---------- Provided material ----------

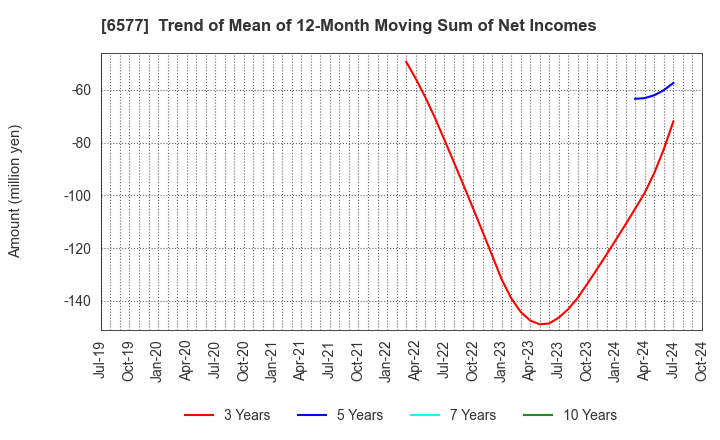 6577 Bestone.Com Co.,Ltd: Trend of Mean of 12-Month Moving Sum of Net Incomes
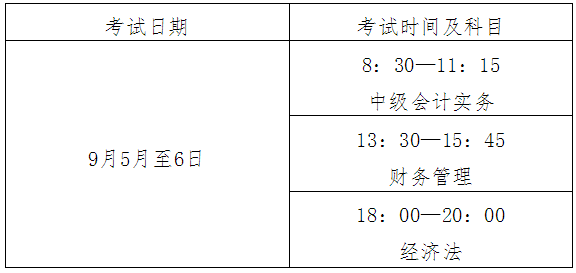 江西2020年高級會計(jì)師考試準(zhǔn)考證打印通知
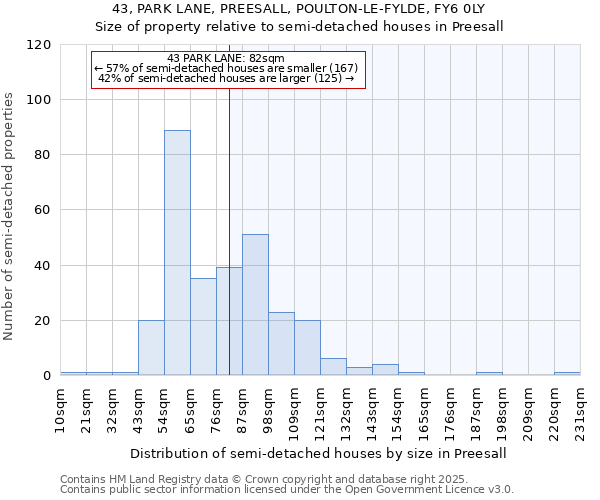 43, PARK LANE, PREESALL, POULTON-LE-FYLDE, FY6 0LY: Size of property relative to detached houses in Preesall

----------
---------- Provided material ----------

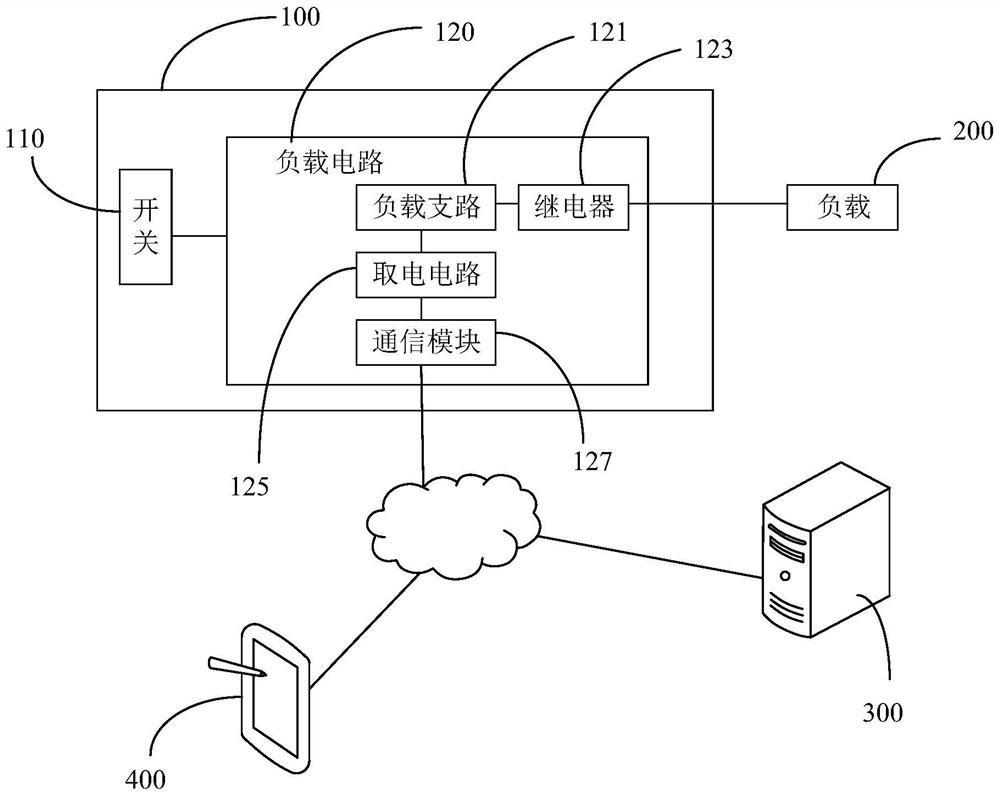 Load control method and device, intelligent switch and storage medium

----------

Task instructions:
Reproduce word for word, with pictures dropped, only the part of the material above that opens with the line containing "江西2020年高級會計(jì)師考試準(zhǔn)考證打印通知" and closes with the line containing "43, PARK LANE, PREESALL, POULTON-LE-FYLDE, FY6".

Result:
 江西2020年高級會計(jì)師考試準(zhǔn)考證打印通知
 43, PARK LANE, PREESALL, POULTON-LE-FYLDE, FY6 0LY: Size of property relative to detached houses in Preesall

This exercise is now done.